Langsam kämpfte er sich unter dem fremden, schweren Körper hervor, der auf ihm lag. Das Wesen, das ihn unter sich begraben hatte war tot und es war wohl gut so, schließlich hatte es versucht ihn zu töten. Aber das war eben so in einer Schlacht. Endlich schaffte er es und kroch unter dem Körper hervor.
Es roch nach Rauch, gerinnendem Blut und Schlimmerem. Eine unheimliche Stille herrschte, nur unterbrochen durch vereinzeltes leises Stöhnen. Diese Stille war erschreckend nach dem Lärm der vergangenen Schlacht.
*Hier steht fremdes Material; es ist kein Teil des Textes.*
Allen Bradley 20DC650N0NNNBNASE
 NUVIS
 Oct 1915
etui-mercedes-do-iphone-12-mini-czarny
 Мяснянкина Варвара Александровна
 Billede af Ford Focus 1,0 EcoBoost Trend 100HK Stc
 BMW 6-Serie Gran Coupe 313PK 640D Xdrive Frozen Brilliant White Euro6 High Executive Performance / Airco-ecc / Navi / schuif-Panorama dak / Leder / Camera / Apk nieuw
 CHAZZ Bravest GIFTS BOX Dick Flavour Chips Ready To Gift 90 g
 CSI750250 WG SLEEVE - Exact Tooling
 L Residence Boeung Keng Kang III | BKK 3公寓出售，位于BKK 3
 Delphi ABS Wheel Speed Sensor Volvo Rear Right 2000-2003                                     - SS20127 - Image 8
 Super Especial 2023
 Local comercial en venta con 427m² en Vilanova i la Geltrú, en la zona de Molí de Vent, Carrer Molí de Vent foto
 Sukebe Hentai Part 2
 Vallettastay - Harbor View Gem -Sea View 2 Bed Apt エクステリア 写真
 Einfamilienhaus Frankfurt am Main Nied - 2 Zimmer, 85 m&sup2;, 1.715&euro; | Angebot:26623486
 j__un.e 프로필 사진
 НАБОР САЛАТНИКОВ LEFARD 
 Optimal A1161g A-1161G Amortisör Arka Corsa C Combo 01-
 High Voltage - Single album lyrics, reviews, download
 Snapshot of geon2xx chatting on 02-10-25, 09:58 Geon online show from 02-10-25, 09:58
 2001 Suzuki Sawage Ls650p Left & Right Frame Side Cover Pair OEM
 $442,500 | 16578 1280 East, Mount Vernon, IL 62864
Vorsichtig erhob sich der Mann und stöhnte leise auf, als er sein rechtes Bein belastete und heißer Schmerz durch die Gliedmaße schoss. Ein kritischer Blick zeigte ihm geronnenes Blut, einen langen Riss im Hosenbein und darunter eine lange Schnittwunde, die allerdings nicht allzu tief schien. Vorsichtig belastete erneut das Bein und stelle fest, dass er es durchaus benutzen konnte. Mit einer fahrigen Bewegung strich er sich das mittlerweile schulterlange, braune Haar aus den Augen. Seine grauen Schwingen waren recht zerzaust und wiesen einige kleine Schnittwunden auf, waren aber ansonsten unversehrt. Dennoch konnte der Engel im Moment nicht fliegen. Hinkend bewegte er sich über das riesige Schlachtfeld. Wo waren seine Freunde? Wo war der große Dämon, den er so ins Herz geschlossen hatte und die Leopardenfrau, wo die gefallenen Engel und die Drachin? Und vor allem, wo war ER, der Lichtträger, sein bester Freund?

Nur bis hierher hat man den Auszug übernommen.